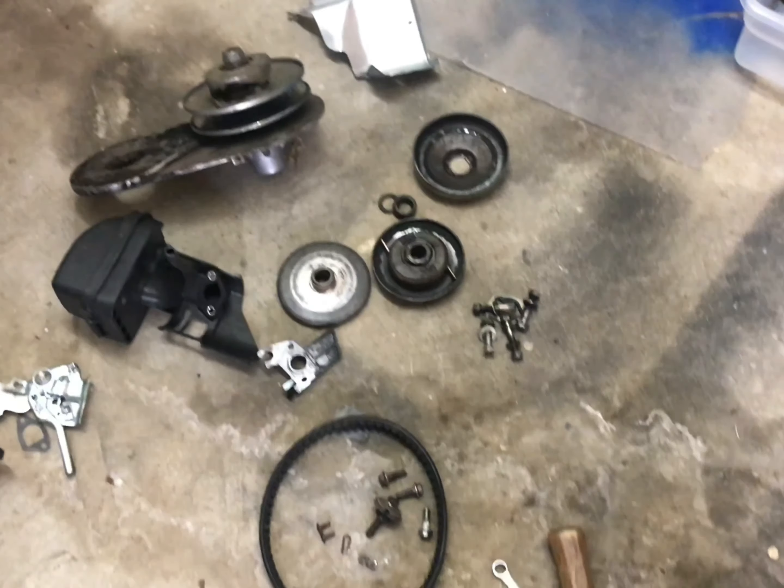Welcome back to another video on my YouTube channel. Today I'm going to be revealing the engine. Here's just a little glance of everything I took off — well, not everything, some of the stuff is in the barn. I hope you enjoy today's video, so let's roll right into it.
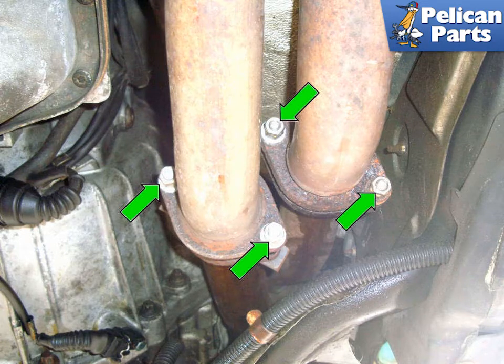Before you begin any work on the exhaust system, it's a really good idea to spray all of the hardware with a good penetrating oil. If you can do this several times over a few days before you begin this job and get a couple of heat cycles in them, it's even better.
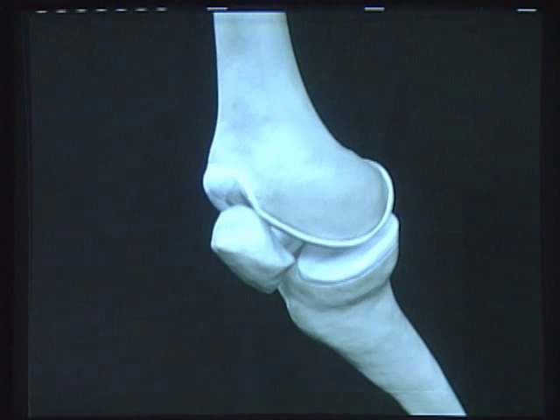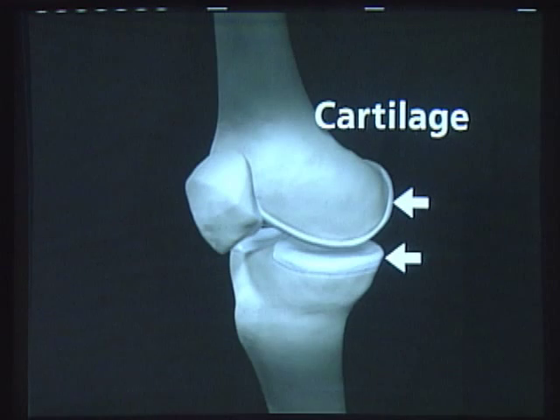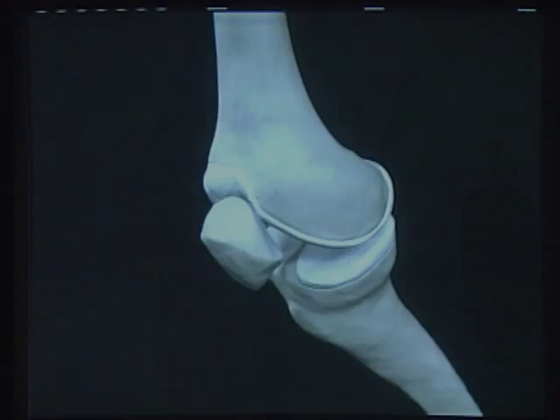The surfaces where these three bones touch are coated with cartilage, a hard, smooth material that absorbs shock and allows bones to glide easily against one another.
- - -
TASK OBJECTIVE:
Copy the listing above verbatim; the pictures it contains are to stay out.

RESPONSE FOR THIS EXERCISE:
Welcome back to another video on my YouTube channel. Today I'm going to be revealing the engine. Here's just a little glance of everything I took off — well, not everything, some of the stuff is in the barn. I hope you enjoy today's video, so let's roll right into it.
Before you begin any work on the exhaust system, it's a really good idea to spray all of the hardware with a good penetrating oil. If you can do this several times over a few days before you begin this job and get a couple of heat cycles in them, it's even better.
The surfaces where these three bones touch are coated with cartilage, a hard, smooth material that absorbs shock and allows bones to glide easily against one another.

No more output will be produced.